— EXERCISE INPUT —
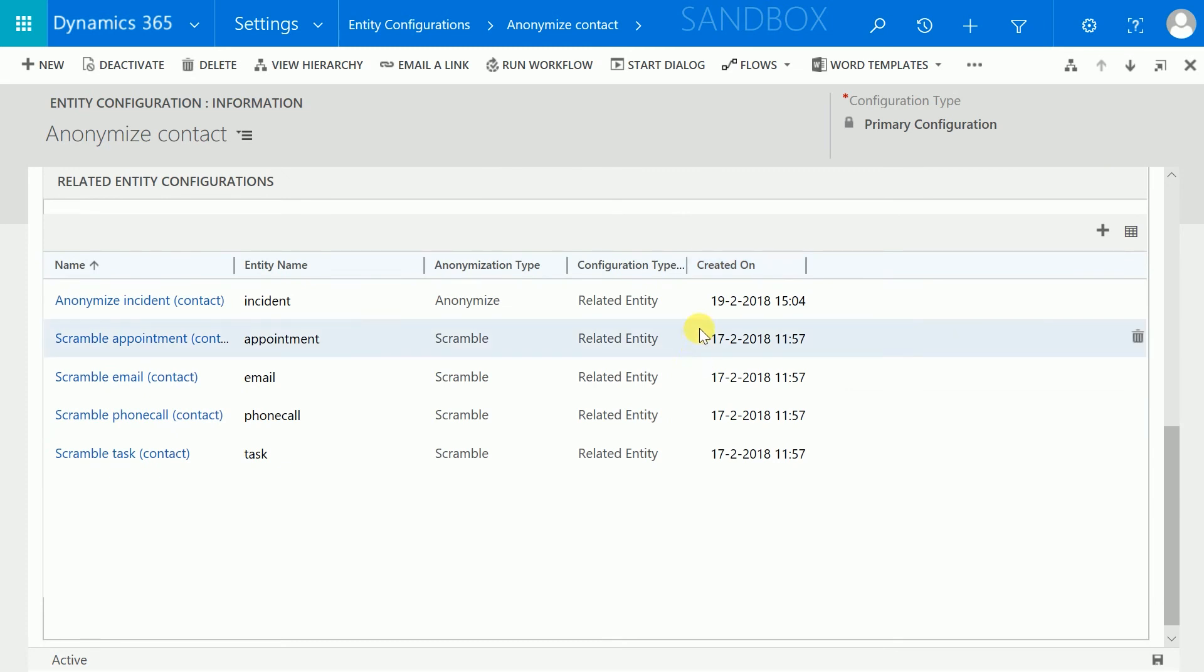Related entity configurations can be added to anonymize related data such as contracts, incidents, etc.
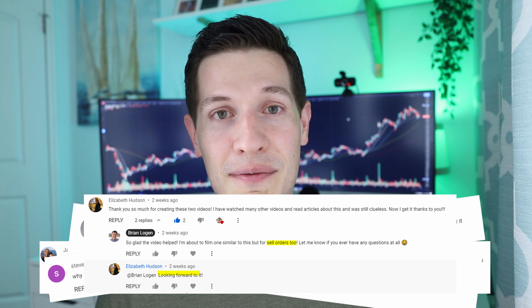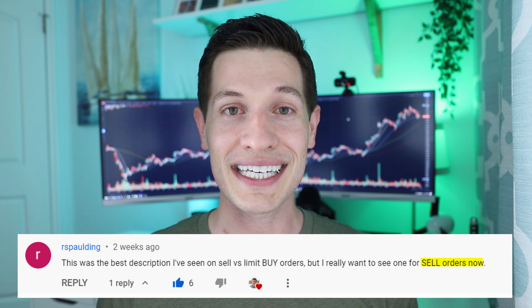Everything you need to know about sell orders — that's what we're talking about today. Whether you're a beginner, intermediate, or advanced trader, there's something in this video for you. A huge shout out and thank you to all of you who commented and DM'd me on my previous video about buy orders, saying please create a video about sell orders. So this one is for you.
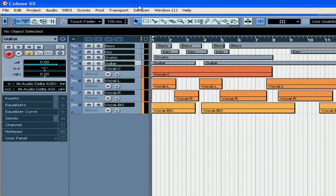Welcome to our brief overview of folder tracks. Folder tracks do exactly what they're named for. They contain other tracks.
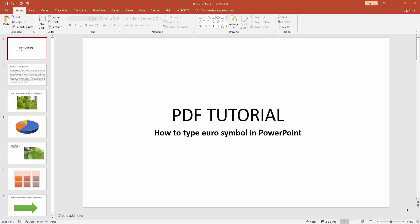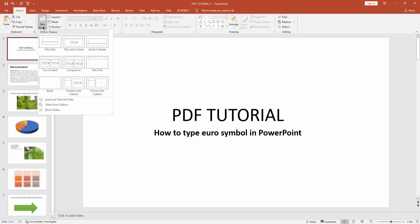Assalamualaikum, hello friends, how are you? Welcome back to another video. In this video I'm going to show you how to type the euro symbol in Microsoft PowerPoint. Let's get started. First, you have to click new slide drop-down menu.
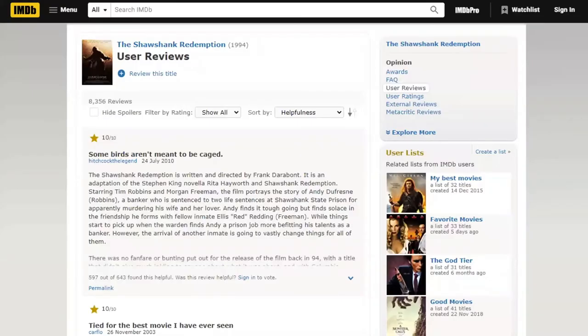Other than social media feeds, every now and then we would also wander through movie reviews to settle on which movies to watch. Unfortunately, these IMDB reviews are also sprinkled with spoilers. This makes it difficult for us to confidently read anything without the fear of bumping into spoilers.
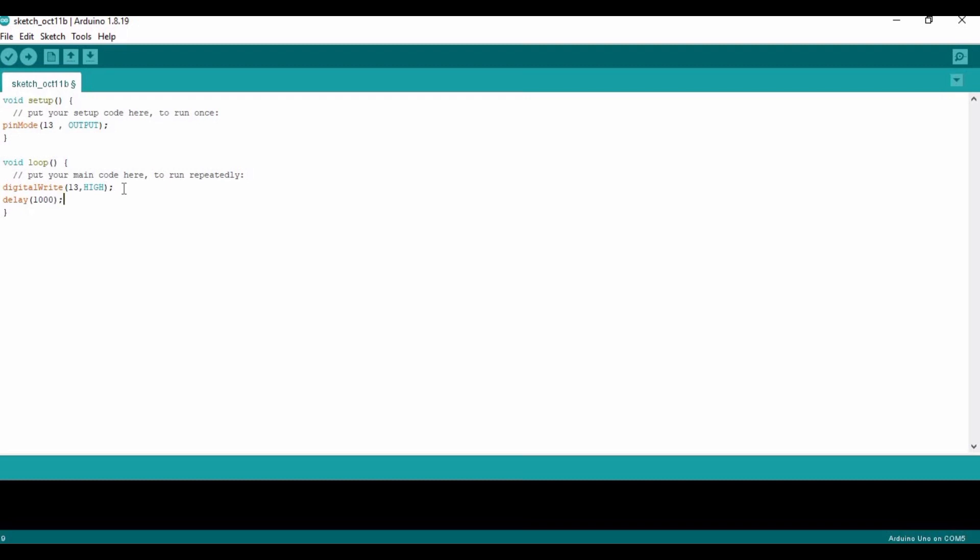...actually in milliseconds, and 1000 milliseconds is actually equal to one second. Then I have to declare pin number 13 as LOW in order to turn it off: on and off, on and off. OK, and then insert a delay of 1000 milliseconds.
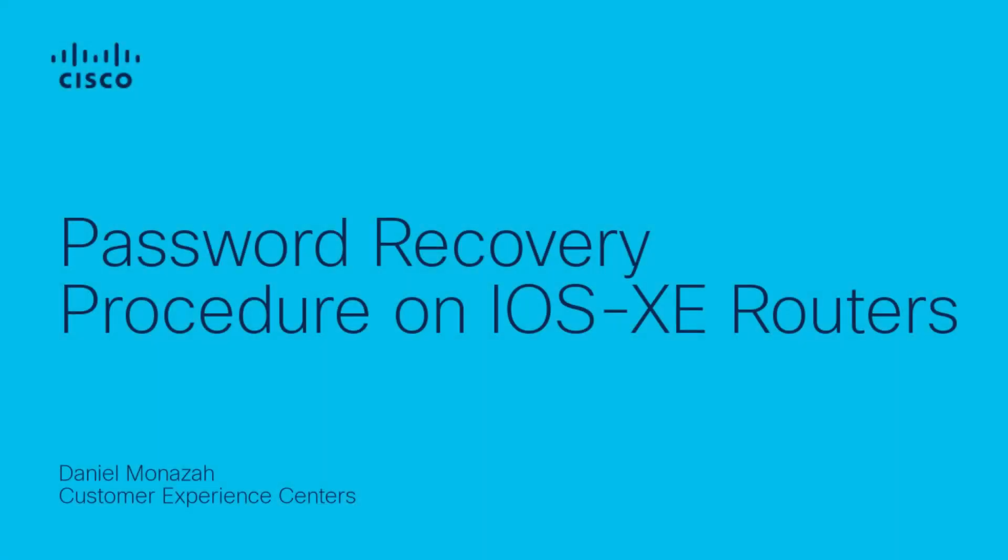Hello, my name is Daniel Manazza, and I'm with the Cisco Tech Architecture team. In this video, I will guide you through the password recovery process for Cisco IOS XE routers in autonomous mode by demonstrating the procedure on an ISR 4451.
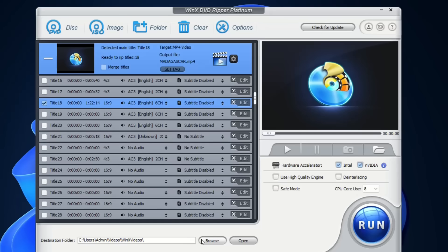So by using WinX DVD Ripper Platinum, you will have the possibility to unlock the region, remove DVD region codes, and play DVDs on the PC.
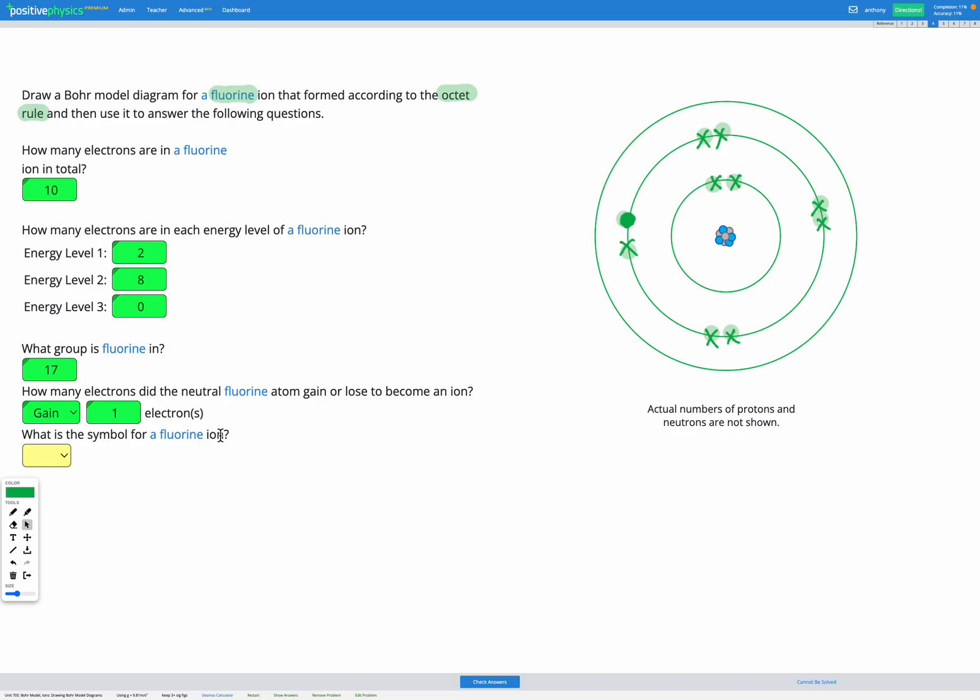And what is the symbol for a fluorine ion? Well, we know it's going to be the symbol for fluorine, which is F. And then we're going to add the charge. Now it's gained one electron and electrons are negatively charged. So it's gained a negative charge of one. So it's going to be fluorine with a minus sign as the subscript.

==

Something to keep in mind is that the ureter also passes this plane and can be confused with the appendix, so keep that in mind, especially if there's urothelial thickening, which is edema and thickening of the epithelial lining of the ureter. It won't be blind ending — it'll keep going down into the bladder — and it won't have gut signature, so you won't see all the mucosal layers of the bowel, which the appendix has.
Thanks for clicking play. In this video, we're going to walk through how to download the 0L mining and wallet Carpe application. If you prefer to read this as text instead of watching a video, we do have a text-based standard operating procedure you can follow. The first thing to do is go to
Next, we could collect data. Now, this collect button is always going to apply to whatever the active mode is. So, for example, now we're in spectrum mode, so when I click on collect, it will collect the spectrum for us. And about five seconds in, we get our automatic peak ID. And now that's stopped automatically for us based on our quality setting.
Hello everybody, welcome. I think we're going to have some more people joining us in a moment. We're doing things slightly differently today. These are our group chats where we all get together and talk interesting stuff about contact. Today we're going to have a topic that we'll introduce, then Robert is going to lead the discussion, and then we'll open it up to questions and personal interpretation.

— WHAT IS BEING ASKED —
Transcribe, word for word, the stretch of lines in the data above from the one with "Assalamualaikum, hello friends, how" through the one with "And what is"; omit all pictures.

— TASK OUTPUT —
Assalamualaikum, hello friends, how are you? Welcome back to another video. In this video I'm going to show you how to type the euro symbol in Microsoft PowerPoint. Let's get started. First, you have to click new slide drop-down menu.
Other than social media feeds, every now and then we would also wander through movie reviews to settle on which movies to watch. Unfortunately, these IMDB reviews are also sprinkled with spoilers. This makes it difficult for us to confidently read anything without the fear of bumping into spoilers.
...actually in milliseconds, and 1000 milliseconds is actually equal to one second. Then I have to declare pin number 13 as LOW in order to turn it off: on and off, on and off. OK, and then insert a delay of 1000 milliseconds.
Hello, my name is Daniel Manazza, and I'm with the Cisco Tech Architecture team. In this video, I will guide you through the password recovery process for Cisco IOS XE routers in autonomous mode by demonstrating the procedure on an ISR 4451.
So by using WinX DVD Ripper Platinum, you will have the possibility to unlock the region, remove DVD region codes, and play DVDs on the PC.
And what is the symbol for a fluorine ion? Well, we know it's going to be the symbol for fluorine, which is F. And then we're going to add the charge. Now it's gained one electron and electrons are negatively charged. So it's gained a negative charge of one. So it's going to be fluorine with a minus sign as the subscript.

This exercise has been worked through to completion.